In November of 2001, I was asked to make a presentation to the department heads of my city government, an audience that numbered well over a hundred by the time you included the senior managers. It took place on a Friday morning. After the presentation, my wife and I joined friends who owned their own airplane for a flight up to New York City. While everyone else was getting settled into our hotel, I went for a walk around Midtown Manhattan.
I don’t know how it is with you. I’ve interviewed so many thousands of people in course of my professional work that when I visit a big city I feel like I recognize half the people I see. Of course, most of the people I pass on the street are indeed complete strangers. But when you’ve been amassing this backlog of faces in your mind it’s only natural that you look at people and feel like you know them.
As I walked along Central Park South that afternoon, I passed a man whose appearance caught me a little off guard. He wasn’t a celebrity and I couldn’t figure out any reason I should know him. Yet he was strangely familiar. We both looked at each other with the same puzzled glance, but said nothing and continued on our respective ways.
We had a delightful weekend in Manhattan with our friends. On Sunday morning we decided to split up. My wife wanted to visit Ground Zero, which at that time was still emitting smoke and heat. Our friends went off to church at the Fifth Avenue Presbyterian Church. It seems the Reverend Weber was a prep school buddy of our friend.
While in church they had an experience like mine. They noticed that the couple sitting next to them in the pew were very familiar looking. After the service was over and people were leaving the church, our friends intercepted the couple and apologized for staring at them through the service. It turns out there was reason for them to have recognized the other couple because they are all members of the same Presbyterian church in Virginia Beach.
It turned out we had all arrived in New York on the same afternoon and were staying at the same little hotel. The kicker of the conversation between our friends and the other couple is that as our friends related that they, too, were in New York with another couple, the husband in the other couple said, “And I’ll bet you’re here with Chris Bonney. I passed him on the street Friday afternoon and he didn’t say a word!”
As it turned out, not only was this guy a fellow parishioner at our friends’ church, but he is also one of my sister’s older friends and, to complete the coincidence trifecta, he’s also the guy who’d been in charge of the presentation I’d made the morning before we left home for New York.
It’s a small world. Life up your heads or you might miss something.
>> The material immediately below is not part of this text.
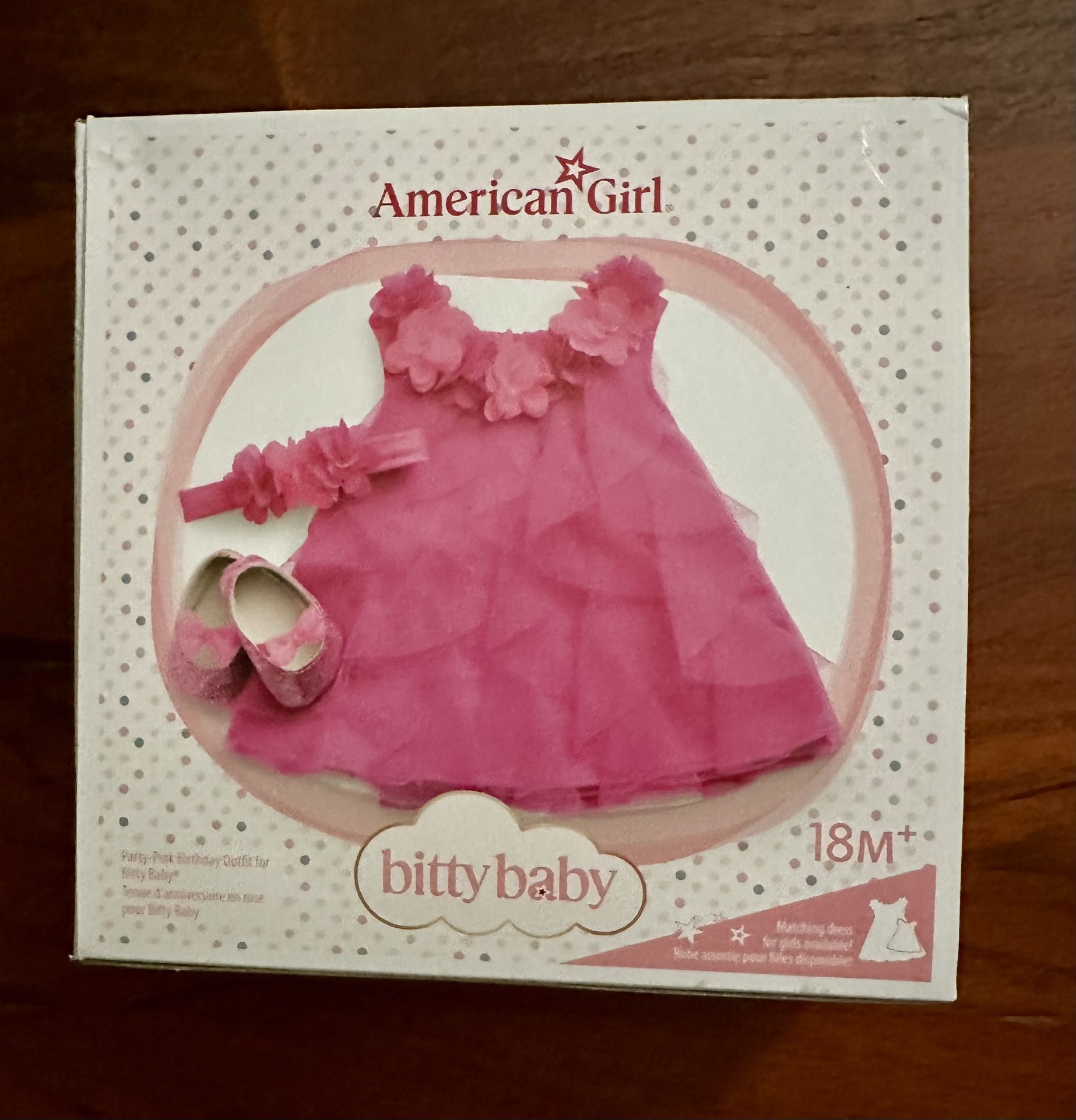 Party-Pink Birthday Outfit for Bitty Baby Doll NEW IN BOX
  1. Although, not on as grand a coincidence scale, this incident was equally interesting. As you know, I had that pesky prostate problem back in the mid 90's and had a fabulous urologist named Donald Lynch. I also had an Aunt & Uncle on my fathers side who spent most of their life in Ocean View under the water tower on Marlowe Ave. Turns out my Aunt Margie (my fathers sister) passed away in the early 2000's and her funeral was held somewhere on Tidewater Drive. There was only a smattering of people there as they were old and were some of the last to go in their circle of friends. At the conclusion of the service, a man stood up two rows in front of me looking vaguely familiar. As he turned around, I recognized Dr. Lynch among the 20 or so people and was stunned as I asked how he knew my Aunt Margie. Turns out, he was a short wave/ham radio enthusiast as was Margie's husband Heywood and they had been conversing for years via morse code. Small world after all.

  2. Ha! I think it's when someone is "out of context," we don't always make that connection. How serendipitous.